By default effective_from has value 0 and effective_to 99999999; these special values meaning unlimited periods of time (0 represents the ‘start of time’ and 99999999 the ‘end of time’).
SCD models must also provide a compute_identity
method to compute the identity attribute from other attributes of the record.
Assume that we have a model @Country@ with attributes @code@, @name@, @area@, etc. We can attach ‘acts-as-scd’ behaviour to this model using either the @acts_as_scd@ or @has_identity@ methods. [FIXME: to be determined if they are going to be synonyms or not]
We’ll use the latter. The parameter passed to it is the type of the @identity@ column. Notice that we must define how identity is to be computed.

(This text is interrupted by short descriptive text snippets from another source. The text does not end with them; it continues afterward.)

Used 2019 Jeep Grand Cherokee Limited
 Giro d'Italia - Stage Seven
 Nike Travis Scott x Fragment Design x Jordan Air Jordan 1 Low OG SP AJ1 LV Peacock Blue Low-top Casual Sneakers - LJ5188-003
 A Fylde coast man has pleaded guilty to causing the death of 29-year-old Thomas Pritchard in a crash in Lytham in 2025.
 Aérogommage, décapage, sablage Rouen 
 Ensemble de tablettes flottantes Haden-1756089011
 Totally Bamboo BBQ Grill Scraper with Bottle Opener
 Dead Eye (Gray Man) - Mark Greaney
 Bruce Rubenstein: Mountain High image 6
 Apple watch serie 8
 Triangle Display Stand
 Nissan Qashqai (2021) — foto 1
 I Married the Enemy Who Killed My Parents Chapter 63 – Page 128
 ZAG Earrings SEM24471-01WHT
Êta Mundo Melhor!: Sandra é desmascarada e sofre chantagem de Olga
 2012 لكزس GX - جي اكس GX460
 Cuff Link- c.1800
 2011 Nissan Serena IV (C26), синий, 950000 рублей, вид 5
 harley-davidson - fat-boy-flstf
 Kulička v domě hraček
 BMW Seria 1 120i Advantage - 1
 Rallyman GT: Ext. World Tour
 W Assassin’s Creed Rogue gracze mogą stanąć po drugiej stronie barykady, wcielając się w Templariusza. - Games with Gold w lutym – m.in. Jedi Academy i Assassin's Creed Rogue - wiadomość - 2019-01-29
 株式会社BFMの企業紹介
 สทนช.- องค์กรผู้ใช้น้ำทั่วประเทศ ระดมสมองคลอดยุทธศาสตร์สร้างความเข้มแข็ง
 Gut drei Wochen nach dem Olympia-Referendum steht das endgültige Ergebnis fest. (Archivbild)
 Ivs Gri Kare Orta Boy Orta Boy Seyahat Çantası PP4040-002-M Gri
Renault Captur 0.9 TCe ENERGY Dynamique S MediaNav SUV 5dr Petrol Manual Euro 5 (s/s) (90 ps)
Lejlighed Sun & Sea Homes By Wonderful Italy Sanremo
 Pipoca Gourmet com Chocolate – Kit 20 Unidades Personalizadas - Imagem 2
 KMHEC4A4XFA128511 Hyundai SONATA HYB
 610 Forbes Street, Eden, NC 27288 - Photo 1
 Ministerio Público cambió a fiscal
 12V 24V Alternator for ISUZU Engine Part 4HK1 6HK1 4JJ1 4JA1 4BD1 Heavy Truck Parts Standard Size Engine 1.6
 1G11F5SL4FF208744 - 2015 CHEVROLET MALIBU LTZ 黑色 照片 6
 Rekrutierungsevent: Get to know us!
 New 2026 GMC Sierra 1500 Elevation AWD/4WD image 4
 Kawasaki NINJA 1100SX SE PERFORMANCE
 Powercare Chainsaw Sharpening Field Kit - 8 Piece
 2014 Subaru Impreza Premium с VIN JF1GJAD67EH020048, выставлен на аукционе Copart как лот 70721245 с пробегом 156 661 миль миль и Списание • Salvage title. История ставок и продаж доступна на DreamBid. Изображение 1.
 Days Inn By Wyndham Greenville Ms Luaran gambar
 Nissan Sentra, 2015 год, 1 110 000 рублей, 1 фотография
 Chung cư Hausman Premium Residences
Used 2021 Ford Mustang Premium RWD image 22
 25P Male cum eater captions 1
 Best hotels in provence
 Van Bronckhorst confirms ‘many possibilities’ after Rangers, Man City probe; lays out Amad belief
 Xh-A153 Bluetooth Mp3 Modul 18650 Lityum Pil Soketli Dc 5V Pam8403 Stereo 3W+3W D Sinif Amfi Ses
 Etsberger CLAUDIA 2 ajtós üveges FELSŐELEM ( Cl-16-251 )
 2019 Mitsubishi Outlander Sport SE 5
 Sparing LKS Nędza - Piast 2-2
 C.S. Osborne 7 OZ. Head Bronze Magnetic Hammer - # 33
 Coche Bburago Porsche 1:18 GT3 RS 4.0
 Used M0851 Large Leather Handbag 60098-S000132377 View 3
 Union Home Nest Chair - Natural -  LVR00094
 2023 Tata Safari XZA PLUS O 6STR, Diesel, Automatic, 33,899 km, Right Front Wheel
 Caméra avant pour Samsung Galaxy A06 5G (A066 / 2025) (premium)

class Country < ActiveRecord::Base has_identity :string, limit: 3 def compute_identity self.identity = code end end
We would define the schema for this table:
create_table :countries do |t| t.string :code, limit: 3 t.string :name t.float :area t.string :identity, limit: 3 t.integer :effective_from, default: 0 t.integer :effective_to, default: 99999999 end
Imagine you’re in a country named Germany at a date such as 1930-01-01 (Disclaimer: no historic accuracy intended). We can create a record to represent it like so:
Country.create_identity code: 'DEU', name: 'Germany', area: 357_02
Now we have a single record that represents an iteration of the country with an indefinite life span (even though we probably know the country hasn’t been around forever, we’re not interested now in such details).
We can query for the current iteration of Germany with:
Country.current.where(identity: 'DEU').first
Note that the current
term, when applied to identities, is used to mean the last iteration if it extends indefinitely to the future (effective_to == 99999999). The last iteration may have an effective end date, meaning that it has disappeared at that date, and in that case it would not be current. Also, if iterations exist with effective dates in the future, the current iterations may not be active at the current date. To get the iteration which is active at the current or any other date, the at
methods should be used.
Country.at_present.where(identity: 'DEU').first
Attention: current
is not the same as at_present
(see notes above). Too see the difference, try:
Country.where(identity: 'DEU').at_present.first
And also we can request the iteration that was active at some specific date:
Country.at_date(Date.new(1930,1,1)).where(identity: 'DEU').first
Now, imagine a war comes and goes and the country is split in two. The original country can be modified as:
Country.create_iteration 'DEU', {area: 248_688}, Date.new(1949,10,7)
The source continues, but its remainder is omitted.